# Automatic driving ranges?



## afrosau (Dec 3, 2006)

Hi

I was in Thailand recently and they had small machines that pegged the ball for you after every shot on the driving range. Has anyone else seen this somewhere?

Regards
Chris


----------



## Fore! (Oct 17, 2006)

no but it sounds like a good idea


----------



## Fourputt (Nov 18, 2006)

Don't think I'd care for it. Part of my routine when practicing tee shots is teeing up the ball... gives me a little more time to think and focus on what I'm trying to do. I only play on natural ranges anyway, never on mats, so it would be a lot harder to automate that.


----------



## YorkshireHacker (Oct 2, 2006)

One of these you mean?

They save a bit of tightness in the back that's for sure.


----------



## Fore! (Oct 17, 2006)

can you actually buy one?


----------



## 373 (Jun 9, 2006)

I saw one in Hong King that charged you by the ball.
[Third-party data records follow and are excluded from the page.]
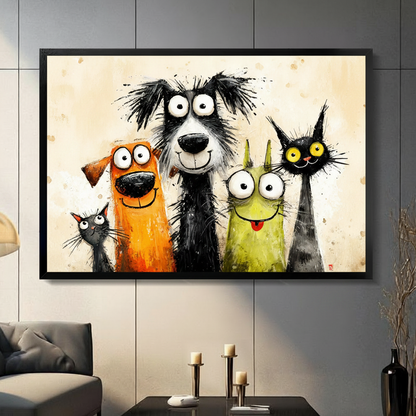 Funny cartoon cats and dogs canvas wall art in black frame displayed in modern dark grey living room – whimsical pet portrait print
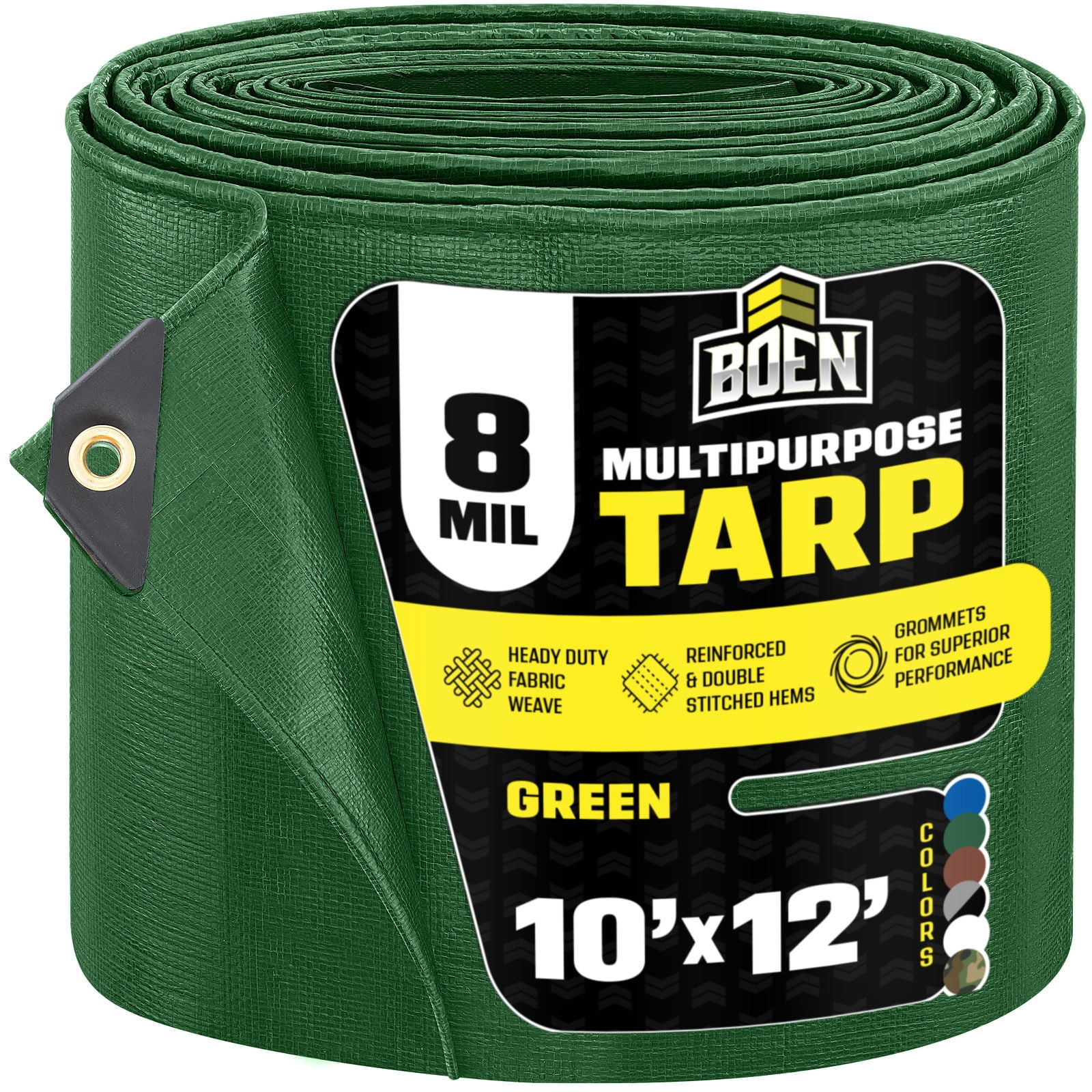 BOEN 10 x 12 ft 8 Mil Green Tarp, Medium Duty Waterproof Tarp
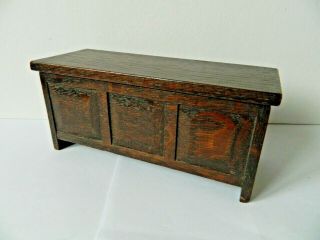 Antique Treen Oak Trinket Box In The Shape Of A Coffer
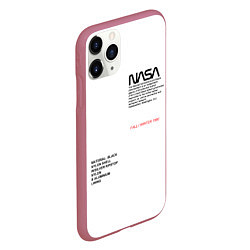 Чехол iPhone 11 Pro матовый NASA БЕЛАЯ ФОРМА, цвет: 3D-малиновый — фото 2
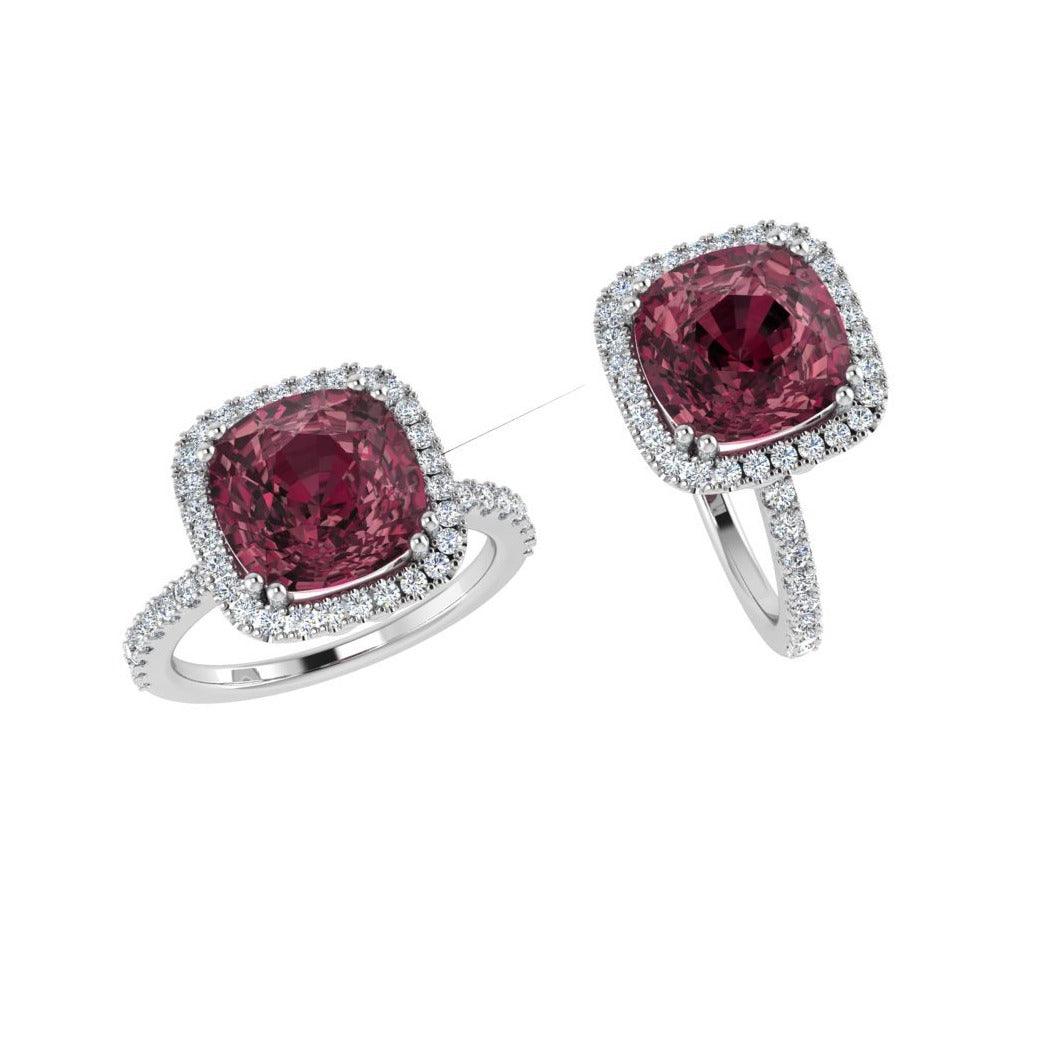Cushion-cut Gemstone and Diamond Ring - Thenetjeweler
A lot of people were surprised as all get out when they saw what they had been charged.


----------



## Johnny Par (Dec 4, 2006)

The range about 40 minutes from me has automatic tee machines. Very convenient.

When you arrive, you purchase a card which has a dollar amount on it. You throw the card into the machine and you're off. So if you get tired and don't feel like finish, you end it. The card keeps your balance for you for next time.
There is a setting on the machine where you can adjust the tee height to your liking.

Welcome To Heartland Golf Park


----------



## R7oss (Dec 5, 2006)

The driving range that I use has had the automatic bays for a while now, I think they are great, you put the balls in the dispenser and it sets it up for you after each shot and you can change the tee height automatically aswell, brilliant if you are as lazy as me


----------



## scaramanga (Dec 7, 2006)

I have used an automated range once but found I rattled through the balls so quickly. I didnt feel like I got as much out of the session as I would normally. 

Natural ranges are the best in my opinion, you cant beat playing off grass!!!


----------